AbsaOSS / cobrix

A COBOL parser and Mainframe/EBCDIC data source for Apache Spark
Apache License 2.0
138 stars 78 forks source link

Data fetched in dataframe is blank or null #312

Open kanika167 opened 4 years ago

kanika167 commented 4 years ago

Background [Optional]

I have a copybook file like -

01 XXXXXX 04 AAAAA PIC X(10). 04 BAAAA PIC X(4). 04 CAAAA PIC X(4). 04 DAAAA PIC XX.

There is a data file (in .txt) with specified field length data. When I am trying to read it into a data frame I am just getting 1 column name XXXXXX and rows as list of actual columns. But even there the data is either null / blank

XXXXXX

[,,,null,] [,,,null,] [,,,null,] [,,,null,] [,,,null,]

Question

What am I doing wrong above?

yruslan commented 4 years ago

By default, Cobrix retains the root GROUP by putting all columns under the corresponding struct field. You can use a different schema retention polity to get your columns on the root level: .option("schema_retention_policy", "collapse_root")

Also, by looking at the sample output it seems that data hasn't been decoded properly. Use .option("debug", "true") to investigate what is being decoded.

kanika167 commented 4 years ago

I am trying to run the following command on spark shell

val df = spark.read.format("za.co.cobrix.spark.cobol.source").option("copybook","test.cob").load("/user/data")

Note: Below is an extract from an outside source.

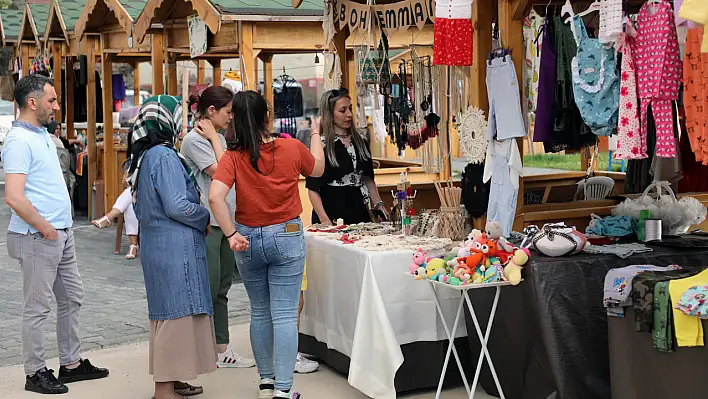 Maharetli Eller 21 Nisan Pazar günü Talas'ta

I have passed the required jars -> spark-cobol,cobol-parser,scodec-bits/core and antlr4-runtime-4.8-1 (without this I was getting NoClassDefFoundError for org/antlr/v4/runtime/CharStreams)

but now I am getting below exception -

java.io.InvalidClassException: org.antlr.v4.runtime.atn.ATN; Could not deserialize ATN with UUID 59627784-3be5-417a-b9eb-8131a7286089 (expected aadb8d7e-aeef-4415-ad2b-8204d6cf042e or a legacy UUID).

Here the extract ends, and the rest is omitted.